Buenos Aires Province Security Minister Cristian Ritondo announced today the provincial government plans to “eradicate all trapitos and policemen who are part of those illegal circuits.” The initiative comes up after news of a 26-year old man getting violently punched by a trapito for refusing to pay to have his car
not vandalized “looked after” made national headlines.
Trapitos, from the word trapo meaning “cleaning rag,” are people who offer to help you park your car on the street for a small (and sometimes not so small) fee, which is illegal. Trapitos often work as part of larger networks. For example, in sporting events, they work for leaders of different Barra bravas, hooligans, who are the ones who really end up profiting from the illegal activity.
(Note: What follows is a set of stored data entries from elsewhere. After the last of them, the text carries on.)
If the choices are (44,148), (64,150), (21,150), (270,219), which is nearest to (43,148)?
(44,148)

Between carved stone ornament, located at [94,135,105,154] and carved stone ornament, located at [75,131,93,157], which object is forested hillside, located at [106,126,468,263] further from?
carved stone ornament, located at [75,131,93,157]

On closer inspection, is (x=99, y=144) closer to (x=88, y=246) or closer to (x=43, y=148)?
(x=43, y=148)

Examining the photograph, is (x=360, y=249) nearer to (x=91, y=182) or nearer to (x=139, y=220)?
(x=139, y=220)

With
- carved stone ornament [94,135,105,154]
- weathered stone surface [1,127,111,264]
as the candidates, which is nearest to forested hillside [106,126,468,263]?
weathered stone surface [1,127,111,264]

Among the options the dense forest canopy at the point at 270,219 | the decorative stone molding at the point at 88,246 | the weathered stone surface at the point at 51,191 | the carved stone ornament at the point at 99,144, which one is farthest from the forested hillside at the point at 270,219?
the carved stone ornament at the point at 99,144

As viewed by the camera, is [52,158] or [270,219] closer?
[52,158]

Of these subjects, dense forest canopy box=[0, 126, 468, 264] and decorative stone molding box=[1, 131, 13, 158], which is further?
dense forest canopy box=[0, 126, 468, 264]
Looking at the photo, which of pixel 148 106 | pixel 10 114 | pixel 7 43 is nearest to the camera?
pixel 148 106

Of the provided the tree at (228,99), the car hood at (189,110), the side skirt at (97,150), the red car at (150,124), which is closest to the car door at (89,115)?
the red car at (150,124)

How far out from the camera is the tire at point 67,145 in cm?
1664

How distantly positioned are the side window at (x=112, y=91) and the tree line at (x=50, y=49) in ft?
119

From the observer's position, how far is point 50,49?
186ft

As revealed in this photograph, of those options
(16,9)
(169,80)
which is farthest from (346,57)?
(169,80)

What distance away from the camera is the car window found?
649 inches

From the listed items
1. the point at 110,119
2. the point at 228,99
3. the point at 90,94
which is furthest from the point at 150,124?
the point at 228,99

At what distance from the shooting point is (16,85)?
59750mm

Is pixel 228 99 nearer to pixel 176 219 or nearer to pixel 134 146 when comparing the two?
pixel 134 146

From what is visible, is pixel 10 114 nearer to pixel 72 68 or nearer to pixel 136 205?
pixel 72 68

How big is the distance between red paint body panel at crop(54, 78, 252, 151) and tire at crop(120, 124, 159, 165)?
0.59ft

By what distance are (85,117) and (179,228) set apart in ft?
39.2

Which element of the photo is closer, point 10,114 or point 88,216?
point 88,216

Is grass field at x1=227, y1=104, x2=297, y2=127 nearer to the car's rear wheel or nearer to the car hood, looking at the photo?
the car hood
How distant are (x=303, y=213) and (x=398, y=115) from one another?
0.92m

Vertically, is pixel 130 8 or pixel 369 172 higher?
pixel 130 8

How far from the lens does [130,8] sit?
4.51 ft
Ritondo went on to highlight the need to sanction a provincial law — or at least establish a unified criteria in all of the province’s 135 districts — that puts an end to the activity and said he intends on talking to the mayors since there are some that allow and even regulate trapitos’ activity.
Moreover, he explained that two bills have already been sent to the provincial Congress but have yet to be debated.
To enforce this, the minister said he’s planning on using the “zero trapitos” policy carried out by the city of Pinamar’s Mayor Martín Yeza (you know, that guy who live-tweeted the precarious state in which he found the district property when he took office) and extending it to the entire province.
Anoche detuvimos 9 trapitos en zona de boliches que tenían pedido de captura. Fruto del trabajo con la policía.
— Martín Yeza (@martinyeza) enero 26, 2016
“Yesterday we arrested nine trapitos who had warrants out for their arrest in the area surrounding nightclubs.”
The situation is not new nor does it only apply to Buenos Aires Province, as the City of Buenos Aires has also failed to tackle the trapitos issue. During his time as Buenos Aires City lawmaker, Ritondo sponsored a bill to prohibit trapitos, but the initiative never saw the light of day. In fact, during last year’s presidential debate between now President Mauricio Macri and then-candidate Daniel Scioli, Scioli called out Macri on his inability to get rid of trapitos during his time as Buenos Aires City Mayor. “If you still haven’t been able to solve the issue of trapitos, do you really thing the people will believe that you can solve the drug trafficking problem?” Scioli said back then.
According to Clarín, a report by the City’s Prosecutors’ Office informed that 9.5 complaints about trapitos’ illegal activity were registered in the city every single day over the past year. That’s 3,464 reports in a year, for all of you math geniuses out there.
Article 79 of the City’s code of misdemeanors calls for an AR$200 to 400 fine or up to two days’ arrest for anyone who “demands a fee for the parking or the surveillance of vehicles in the public way without legal authorization.”
However, the article says, it’s extremely difficult to do anything about these complaints because it’s practically impossible to prove trapitos demanded a fee for “taking care” of your car and didn’t just ask for a tip to do so (which wouldn’t be illegal.)
Trapitos are mostly present in areas surrounding bars, clubs or wherever the nightlife is (I don’t know where the cool kids with their long hair and their rock and roll music do for fun nowadays), and especially in events that gather a lot of people like football matches and concerts. They can charge up to AR$ 50, even more for large-scale events.